My point is, ladies and gentlemen, that you should all be giving me a round of applause for saving you from these burdensome feelings! Seriously though you need to clap your hands a few times for me and if you're alone, do it LOUD. If you're not alone...for example, out in public, or in a library, where clapping to yourself would be frowned upon and scowled at? Do it LOUDER.

I'd honestly upload a picture of hands clapping right now but yeah I have an appointment for my laptop tomorrow...meaning I'm still on the computer from the Late Cretaceous Period, and it's having an especially slow day today. But on a good note, I changed the speakers so I don't have to turn them on and off and on and off again repeatedly multiple times within a song to prevent static....!!!! So I can jam to youtube now and I'm pretty fucking excited about that.

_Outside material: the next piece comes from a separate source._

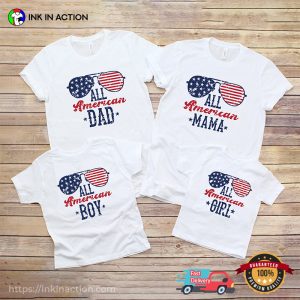 Customized All American Family Matching Retro T-shirt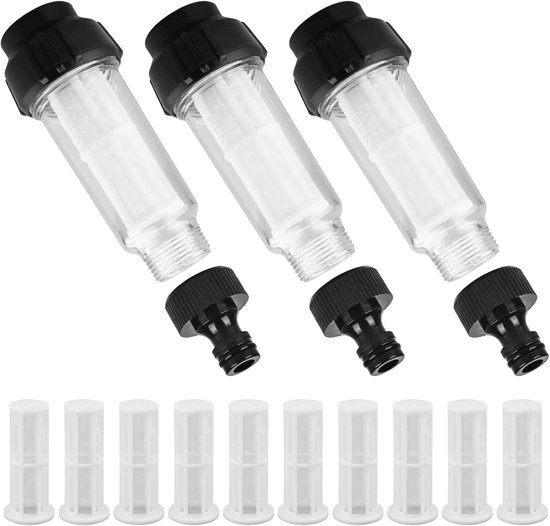Waterfilter Tuinslang 3 stuks met 10 Filterinzetstukken en 3 Sneladapters voor Hogedrukreinigers en Tuinpompen van Merkloos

Why don't I just use my i-pod you ask? Well that is in a unique conundrum seeing as it plays music but no longer displays anything but a solid white screen...so I can skip through songs on shuffle but have no control over what plays, and seeing as my laptop is on the kuputz, I haven't been able to add more songs to it because it's not compatible with  this compooper.

So that's the story of my life and everyone I know and love. Namely, me. Hahahahahaha!!!

Oh I love you all!!! Smell ya later!!

P.S. I never really left so this isn't really a legitimate P.S....anyway, I'd just like to say that I think it's incredibly irritating when people tell me that I'm skinny or thin...not that it bothers me or makes me self conscious but I'm telling you people, I'm not some abnormal example of a skinny person, or at least I wouldn't be if the world wasn't so FAT. 

In fact, I had an epiphany about it while watching Dazed and Confused with Carlotta a week ago. There was a busy hallway scene in the school and there were kids everywhere and you know what I saw zero of? Fat people. 
And don't you dare take that to mean everyone was thin and beautiful - there were just no balls of dough rolling or stomping or squelching (Yah - squelching) their way down the crowded halls.

I guess my point is I find it sad that in our society, fit people are "skinny" and chunky dunky people are "normal" and only when you are a sphere of lard barreling your way down the hallway inhaling five cheeseburgers a minute are you "fat".
I mean that in the ...well I was about to lie and say nicest, but truly I mean it only in the nastiest way possible. Muah haha

p.p.s sorry this post has a white background I fucked up.